The UK’s Mental Health Foundation describes the benefits of spiritual activities:

‘Being able to express and explore our spirituality is a basic human need and a universal human right. This right applies to everyone and is enshrined in European and UK law, based on the Universal Declaration of Human Rights. …

Spirituality can help people maintain good mental health. It can help them cope with everyday stress and can keep them grounded. Tolerant and inclusive spiritual communities can provide valuable support and friendship. There is some evidence of links between spirituality and improvements in people’s mental health, although researchers do not know exactly how this works. …

Spirituality can also help people deal with mental distress or mental illness. Spirituality can bring a feeling of being connected to something bigger than yourself and it can provide a way of coping in addition to your own mental resilience. It can help people make sense of what they are experiencing.’

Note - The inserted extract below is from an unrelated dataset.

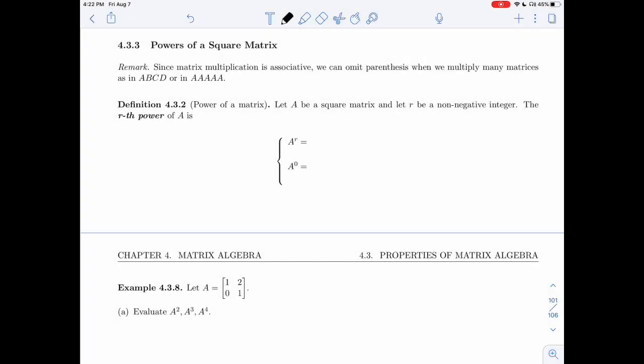In section 4.3.3, we'll be talking about the powers of a square matrix. We've already seen that squaring is only defined for a square matrix, and so that's the only type of matrix for which these powers will be defined.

I certainly find all that to be true.  And this stuff matters to me. It is a huge part of who I am and how I hope to parent our girls: teaching them unconditional love and endless grace and hope and honesty and integrity (and, here’s hoping, perhaps a bit of self-discipline one day). So here’s what it all looks like in practice for me at the moment.

Music
Even before I was an adoptive parent, I was tired a lot of the time. Now, on less sleep and more stress, some days are a bit of a fog. I just don’t have the mental capacity, let alone the free time for reading the more academic theology books that I used to love, so I now feel that I ‘connect’ more through music. My current favourite albums are:

    

I have these CDs in the car and I have the MP3s on my phone and computer. They help me calm down, cheer up, and generally regulate and get a bit of a broader perspective on whatever’s on my mind. It helps that (with absolutely no coercion on our part) the children love them and will sing these songs with gusto when they wake up in the morning and are ‘playing quietly’ in their rooms. I think they find them helpful too.

Prayer
I’ll be honest. Making time to pray and try to stop thinking about my to-do list sometimes just doesn’t happen. We pray with the girls at bedtime every night. We pray at church. Pete and I pray together when we remember and are both in the same room at the same time. We have previously had an arrangement that we pray together after lunch on the days he works from home, but his schedule has been crazy recently and we have forgotten a lot. I rely very heavily on God’s grace (knowing that he’s not keeping score) and on what some people call ‘arrow prayers’ – things like ‘Please help me not mess up this important conversation’ and ‘Please let them be asleep before the babysitter arrives’ and ‘Thank you that that revolting stain on her school uniform came out in the wash when I was expecting to have to make an emergency shopping trip’. That kind of thing. But I do find prayer helpful. It isn’t always answered in the ways I would like, of course, but if God always did what I wanted there wouldn’t be much point in him being God, would there?

Community
I love the church when we get it right. It can be the best kind of support network – if there are people there who ‘get it’, it can be a place to offload, to find excellent childminders, to find people who like ironing way more than I ever intend to and are willing to take yours on… there all kinds of ways  they help. Yes, there are also those who are less helpful, but with a bit of determined explaining and teeth-gritting, even those can soften eventually.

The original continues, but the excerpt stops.